To say this recording is an eclectic mix is like saying partisanship in Congress is out of hand; in both cases it’s a no-brainer. There are so many different styles mixed on this recording one wonders what Metheny was thinking as he started to assemble this collection. The recording opens up with a well-known melody reinterpreted through the use of studio and EVI manipulations into a marching band-styled arrangement. Pat did something similar to this to open his First Circle recording; maybe there’s a family "in" story/joke that goes along with this.
The Mike Metheny most are used to hearing comes forward on pianist Bill Evans’ ballad "Laurie." Metheny may have the darkest flugelhorn tone since Thad Jones, and he spreads it around in a lovingly thick manner throughout the track. His improvised solo is a first-rate example of how forward-thinking a solo can go and still stay tonal. Giving ample solo space to pianist Roger Wilder is another no-brainer when you hear his delightfully transcendent solo. Metheny only works with the best, and Smith is just one of many excellent musicians on this recording.
The title track, "60.1," is a fusion romp employing wonderful use of the EVI, and again, like the first track, a bit of a departure for Mike. "Blue Smoke," originally composed for a short dance film, features more EVI work. Coming across like a lyricon/soprano saxophone mix, Metheny has composed a beautiful melody that, for him, is just par for the course. There are few composers who have fashioned as many wonderfully lovely melodies in their lifetime as Metheny, and this ranks right up there with his best. Mixing string sounds, at the end, into the equation takes the chart to new highs. Metheny’s tribute to trumpeter Jon Hassell, "Hassle Free," lets those unfamiliar with Metheny’s abilities see just how insightful and understanding he is of other’s music.

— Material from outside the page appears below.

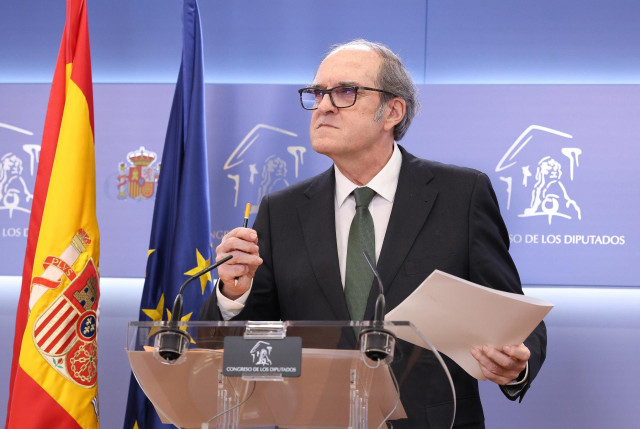 El Defensor del Pueblo, Ángel Gabilondo, ofrece una rueda de prensa tras la entrega del Informe Anual 2022 a la presidenta del Congreso, a 13 de marzo de 2023, en Madrid (España). El Defensor del Pueblo recibió 31.077 quejas en 2022, 2.062 más que en 2021
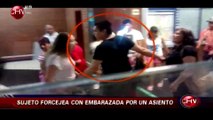 Registran pelea entre mujer embarazada y un joven en el Metro de Santiago - CHV Noticias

If Metheny were younger you might consider this to be a demo-styled CD, showing off a number of the trumpeter’s cerebral abilities. Coming at this point in this musician’s still evolving career just lays claim to all of the brilliance and intellect he’s been known to possess for many many years. No matter how you interpret the disc, however, one thing is certain, Metheny is a frickin’ monster musician who has deserved wider recognition for so long it doesn’t even bear repeating, of course, it was just repeated.